Lily had one more question. ‘Felix helped to mend Ladyhill, didn’t he? Why didn’t Julia?’
He paused for a moment, considering. Then he said, ‘Julia believed that I cared too much about it. In the end, because I didn’t make her happy, and neither did Ladyhill, she chose to go and live somewhere else. That was her right, you know. And we agreed to share you between us.’
Lily nodded, digesting the information. And then, surprising him, she asked, ‘You said that you weren’t brave. What would you have done if you were?’
‘I suppose I would have gone with Julia.’
Alexander wondered why it was easier to admit it to Lily than to himself.
Immediately, she said, ‘I’m glad you didn’t.’
‘Why?’
‘Well, then we wouldn’t live here, would we?’
He smiled at her. ‘Is it so important?’
‘Of course it is. There’s nowhere in the whole world like Ladyhill.’
He looked at her eager, tear-grimy face. That was what he had wanted her to feel, wasn’t it? The satisfaction seemed less rounded than it might have done.
‘Go on,’ Alexander said gently. ‘Go up and wash your face. Then I think you should call in on Mrs Tovey. Your supper is probably ready.’
He telephoned Julia, to tell her that Lily was safely at Ladyhill. The conversation was brief. ‘Bon voyage,’ he said, at the end of it.
‘Thank you.’ There was a pause. ‘Alexander?’
‘Yes?’
Another pause. Then, ‘Nothing. I’m sorry, it doesn’t matter. Have a nice summer, both of you.’
The days of Lily’s holiday rapidly fell into their usual pattern. Alexander worked in the mornings while Lily went to see her friend Elizabeth, or Faye, or helped Mrs Tovey. In the afternoons the two of them picnicked, or walked, or swam in the river pool. Lily didn’t mention the bungalows again, but she refused to ride Marco Polo down there.
At the end of the first week, Felix arrived.
His visits were rare, now that the house was almost fully restored, but he still came for a few days in the spring, and again in the summer. He would bring pictures or rugs or pieces of porcelain, collected over the intervening months, for Alexander’s approval. Usually they were much too expensive, but they were always chosen with an exact niche in mind, and often looked so exactly right that Alexander ended up paying for them, protesting mournfully throughout. It was Felix’s achievement that Ladyhill glowed with more subtle splendour than it had ever done in Sir Percy Bliss’s dingy day.

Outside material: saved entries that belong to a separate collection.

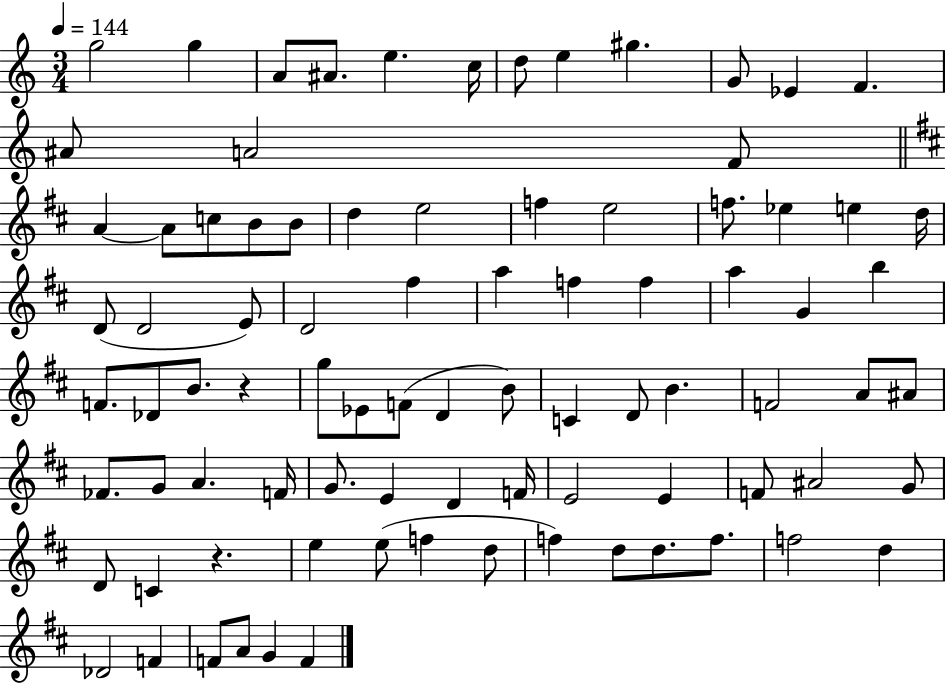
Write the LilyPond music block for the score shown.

{
  \clef treble
  \numericTimeSignature
  \time 3/4
  \key c \major
  \tempo 4 = 144
  \repeat volta 2 { g''2 g''4 | a'8 ais'8. e''4. c''16 | d''8 e''4 gis''4. | g'8 ees'4 f'4. | \break ais'8 a'2 f'8 | \bar "||" \break \key d \major a'4~~ a'8 c''8 b'8 b'8 | d''4 e''2 | f''4 e''2 | f''8. ees''4 e''4 d''16 | \break d'8( d'2 e'8) | d'2 fis''4 | a''4 f''4 f''4 | a''4 g'4 b''4 | \break f'8. des'8 b'8. r4 | g''8 ees'8 f'8( d'4 b'8) | c'4 d'8 b'4. | f'2 a'8 ais'8 | \break fes'8. g'8 a'4. f'16 | g'8. e'4 d'4 f'16 | e'2 e'4 | f'8 ais'2 g'8 | \break d'8 c'4 r4. | e''4 e''8( f''4 d''8 | f''4) d''8 d''8. f''8. | f''2 d''4 | \break des'2 f'4 | f'8 a'8 g'4 f'4 | } \bar "|."
}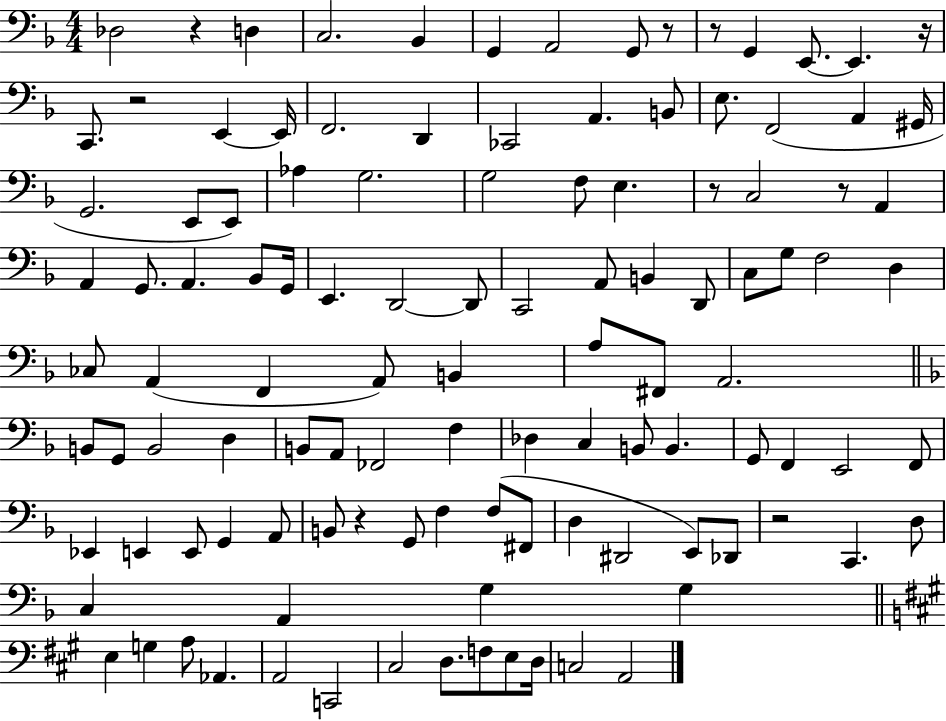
X:1
T:Untitled
M:4/4
L:1/4
K:F
_D,2 z D, C,2 _B,, G,, A,,2 G,,/2 z/2 z/2 G,, E,,/2 E,, z/4 C,,/2 z2 E,, E,,/4 F,,2 D,, _C,,2 A,, B,,/2 E,/2 F,,2 A,, ^G,,/4 G,,2 E,,/2 E,,/2 _A, G,2 G,2 F,/2 E, z/2 C,2 z/2 A,, A,, G,,/2 A,, _B,,/2 G,,/4 E,, D,,2 D,,/2 C,,2 A,,/2 B,, D,,/2 C,/2 G,/2 F,2 D, _C,/2 A,, F,, A,,/2 B,, A,/2 ^F,,/2 A,,2 B,,/2 G,,/2 B,,2 D, B,,/2 A,,/2 _F,,2 F, _D, C, B,,/2 B,, G,,/2 F,, E,,2 F,,/2 _E,, E,, E,,/2 G,, A,,/2 B,,/2 z G,,/2 F, F,/2 ^F,,/2 D, ^D,,2 E,,/2 _D,,/2 z2 C,, D,/2 C, A,, G, G, E, G, A,/2 _A,, A,,2 C,,2 ^C,2 D,/2 F,/2 E,/2 D,/4 C,2 A,,2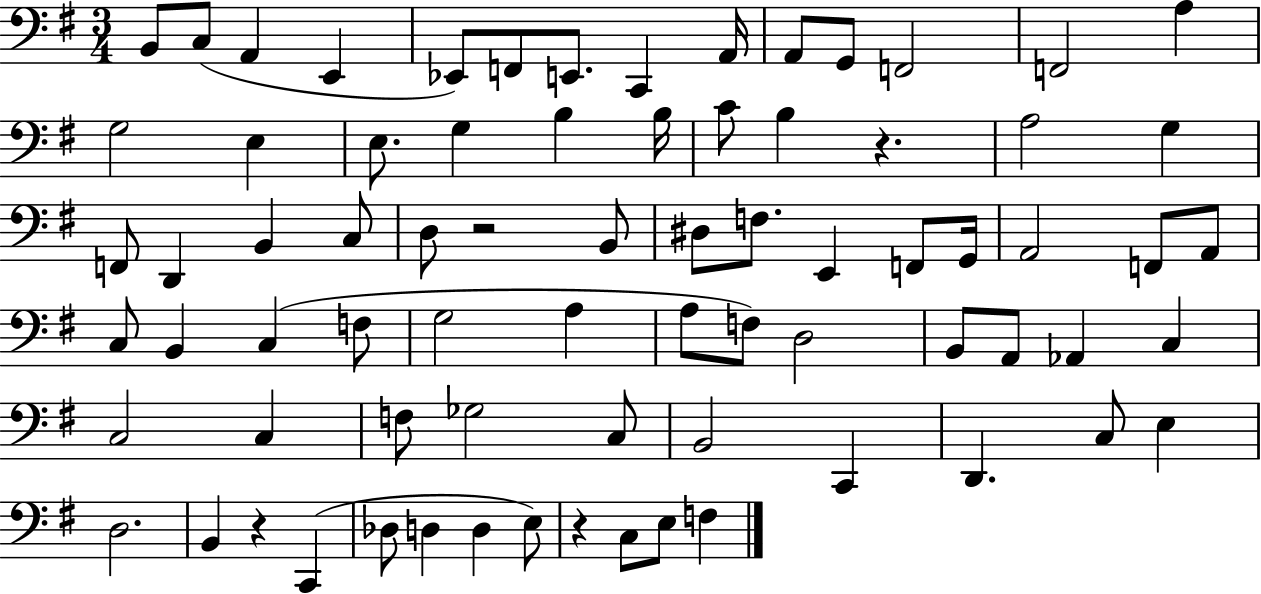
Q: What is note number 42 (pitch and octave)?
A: F3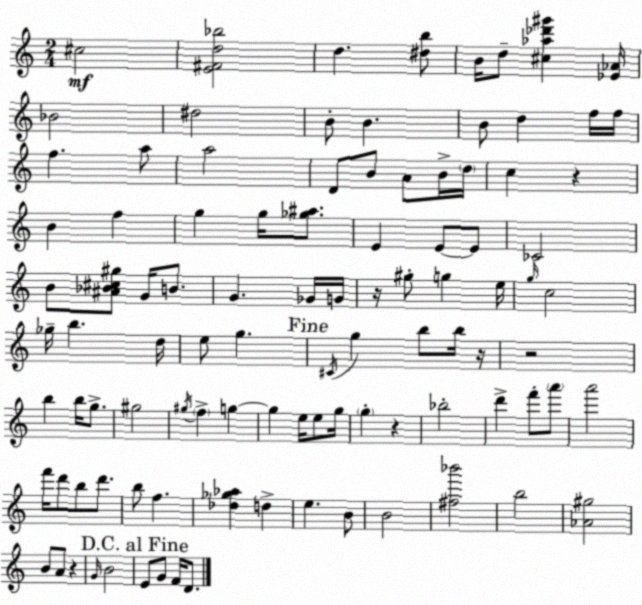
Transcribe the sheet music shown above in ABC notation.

X:1
T:Untitled
M:2/4
L:1/4
K:C
^c2 [E^Fd_b]2 d [^db]/2 B/4 d/2 [^c_a_d'^g'] [_E_A]/4 _B2 ^d2 B/2 B B/2 d f/4 f/4 f a/2 a2 D/2 B/2 A/2 B/4 d/4 c z B f g g/4 [_g^a]/2 E E/2 E/2 _C2 B/2 [^A_B^c^g]/2 G/4 B/2 G _G/4 G/4 z/4 ^g/2 g e/4 g/4 c2 _g/4 b d/4 e/2 g ^C/4 g b/2 b/4 z/4 z2 b b/4 g/2 ^g2 ^g/4 f g g e/4 e/2 g/4 g z _b2 d' f'/2 a'/2 a'2 f'/4 d'/2 b/2 d'/2 b/2 f [_d_g_a] d e B/2 B2 [^f_b']2 b2 [_A^g]2 B/2 A/2 z G/4 B2 E/2 G/2 F/4 D/2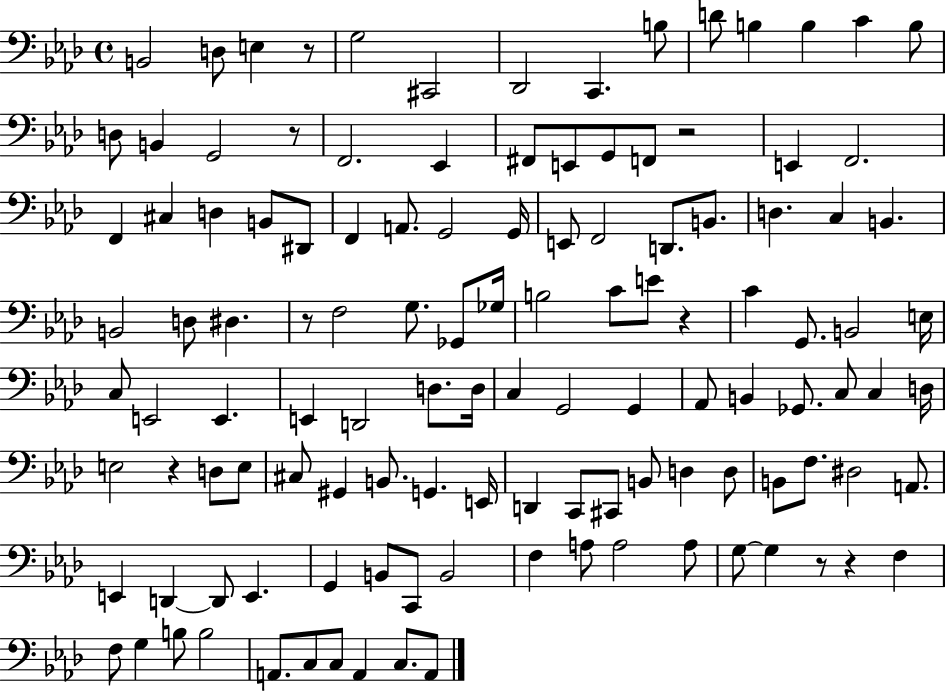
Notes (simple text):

B2/h D3/e E3/q R/e G3/h C#2/h Db2/h C2/q. B3/e D4/e B3/q B3/q C4/q B3/e D3/e B2/q G2/h R/e F2/h. Eb2/q F#2/e E2/e G2/e F2/e R/h E2/q F2/h. F2/q C#3/q D3/q B2/e D#2/e F2/q A2/e. G2/h G2/s E2/e F2/h D2/e. B2/e. D3/q. C3/q B2/q. B2/h D3/e D#3/q. R/e F3/h G3/e. Gb2/e Gb3/s B3/h C4/e E4/e R/q C4/q G2/e. B2/h E3/s C3/e E2/h E2/q. E2/q D2/h D3/e. D3/s C3/q G2/h G2/q Ab2/e B2/q Gb2/e. C3/e C3/q D3/s E3/h R/q D3/e E3/e C#3/e G#2/q B2/e. G2/q. E2/s D2/q C2/e C#2/e B2/e D3/q D3/e B2/e F3/e. D#3/h A2/e. E2/q D2/q D2/e E2/q. G2/q B2/e C2/e B2/h F3/q A3/e A3/h A3/e G3/e G3/q R/e R/q F3/q F3/e G3/q B3/e B3/h A2/e. C3/e C3/e A2/q C3/e. A2/e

And if the visits to Ladyhill weren’t strictly necessary any longer, Alexander understood that they gave Felix a proper pretext for leaving Eaton Square for a few days. George Tressider had developed a muscular disease that gave him considerable pain and limited his mobility. He suffered it tetchily. Felix ran the business and took care of George with perfect good humour, but they weren’t lovers any longer. Felix pursued his affairs discreetly but intently. Legality and opportunity were on his side, and the generous choice reminded him of Florence all those years ago. He didn’t come to Ladyhill in search of boys, however. There were enough of those in London. He came because he enjoyed the rosy, English beauty of the place, and because he and Alexander, for all their dissimilarity, had become friends.